Stored items>
━━━━━━━━━━━━━━━━
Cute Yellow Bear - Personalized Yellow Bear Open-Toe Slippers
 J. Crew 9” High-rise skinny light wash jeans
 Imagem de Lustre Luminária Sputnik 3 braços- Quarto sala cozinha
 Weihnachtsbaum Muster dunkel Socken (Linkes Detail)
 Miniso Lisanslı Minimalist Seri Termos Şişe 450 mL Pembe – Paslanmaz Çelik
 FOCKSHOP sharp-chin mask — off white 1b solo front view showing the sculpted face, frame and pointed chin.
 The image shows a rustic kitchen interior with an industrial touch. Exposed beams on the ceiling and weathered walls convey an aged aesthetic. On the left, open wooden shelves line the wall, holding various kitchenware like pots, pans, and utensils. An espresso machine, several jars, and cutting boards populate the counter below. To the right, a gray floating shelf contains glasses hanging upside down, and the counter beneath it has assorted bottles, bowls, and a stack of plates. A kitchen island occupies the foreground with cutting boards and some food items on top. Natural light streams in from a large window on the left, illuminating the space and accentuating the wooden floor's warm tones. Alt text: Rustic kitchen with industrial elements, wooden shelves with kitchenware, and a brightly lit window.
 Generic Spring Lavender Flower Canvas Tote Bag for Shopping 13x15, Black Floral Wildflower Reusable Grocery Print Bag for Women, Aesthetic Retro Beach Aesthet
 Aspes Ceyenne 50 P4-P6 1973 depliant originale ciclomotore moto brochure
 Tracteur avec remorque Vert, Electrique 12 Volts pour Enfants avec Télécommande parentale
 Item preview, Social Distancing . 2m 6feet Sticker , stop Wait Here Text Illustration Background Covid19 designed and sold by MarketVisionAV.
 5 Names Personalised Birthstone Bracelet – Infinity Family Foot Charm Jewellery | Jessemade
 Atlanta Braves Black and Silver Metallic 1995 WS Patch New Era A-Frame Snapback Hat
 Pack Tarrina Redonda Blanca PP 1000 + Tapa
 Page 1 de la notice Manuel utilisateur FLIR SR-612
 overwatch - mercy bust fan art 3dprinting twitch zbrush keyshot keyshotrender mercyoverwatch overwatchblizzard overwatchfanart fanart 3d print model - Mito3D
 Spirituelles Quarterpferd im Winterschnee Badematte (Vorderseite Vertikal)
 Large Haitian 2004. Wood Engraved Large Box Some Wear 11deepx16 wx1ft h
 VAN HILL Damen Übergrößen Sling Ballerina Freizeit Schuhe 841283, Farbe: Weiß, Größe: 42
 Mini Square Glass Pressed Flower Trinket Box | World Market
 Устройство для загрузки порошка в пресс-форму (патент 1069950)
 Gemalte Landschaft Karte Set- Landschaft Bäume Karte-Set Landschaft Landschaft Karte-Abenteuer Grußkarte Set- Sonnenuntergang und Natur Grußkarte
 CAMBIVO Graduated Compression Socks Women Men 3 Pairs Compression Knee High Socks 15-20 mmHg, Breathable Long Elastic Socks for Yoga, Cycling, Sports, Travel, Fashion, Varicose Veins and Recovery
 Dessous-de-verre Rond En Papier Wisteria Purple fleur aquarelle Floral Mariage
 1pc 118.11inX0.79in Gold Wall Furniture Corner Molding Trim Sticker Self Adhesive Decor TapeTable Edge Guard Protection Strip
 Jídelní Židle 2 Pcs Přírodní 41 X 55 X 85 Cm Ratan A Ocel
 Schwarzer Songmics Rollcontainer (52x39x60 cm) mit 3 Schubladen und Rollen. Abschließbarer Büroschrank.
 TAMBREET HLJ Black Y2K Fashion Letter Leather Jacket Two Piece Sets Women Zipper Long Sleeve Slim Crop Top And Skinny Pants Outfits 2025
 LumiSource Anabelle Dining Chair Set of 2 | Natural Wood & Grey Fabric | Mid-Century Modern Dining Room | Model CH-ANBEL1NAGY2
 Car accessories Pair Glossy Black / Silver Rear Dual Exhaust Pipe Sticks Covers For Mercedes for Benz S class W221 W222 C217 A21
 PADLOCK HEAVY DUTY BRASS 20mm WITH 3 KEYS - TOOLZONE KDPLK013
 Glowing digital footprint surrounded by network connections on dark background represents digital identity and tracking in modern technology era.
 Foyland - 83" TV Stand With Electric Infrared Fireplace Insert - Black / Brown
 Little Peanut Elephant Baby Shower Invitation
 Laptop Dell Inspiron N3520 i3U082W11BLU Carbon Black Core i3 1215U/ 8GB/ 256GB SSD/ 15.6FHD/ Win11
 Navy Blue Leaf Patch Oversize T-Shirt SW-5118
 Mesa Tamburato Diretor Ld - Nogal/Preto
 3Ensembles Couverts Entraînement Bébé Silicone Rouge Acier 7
━━━━━━━━━━━━━━━━
Work item>
Return exactly, and only, the lines above starting at the line that contains "Aspes Ceyenne 50" and ending at the line that contains "Tracteur avec remorque".

Response to the task>
 Aspes Ceyenne 50 P4-P6 1973 depliant originale ciclomotore moto brochure
 Tracteur avec remorque Vert, Electrique 12 Volts pour Enfants avec Télécommande parentale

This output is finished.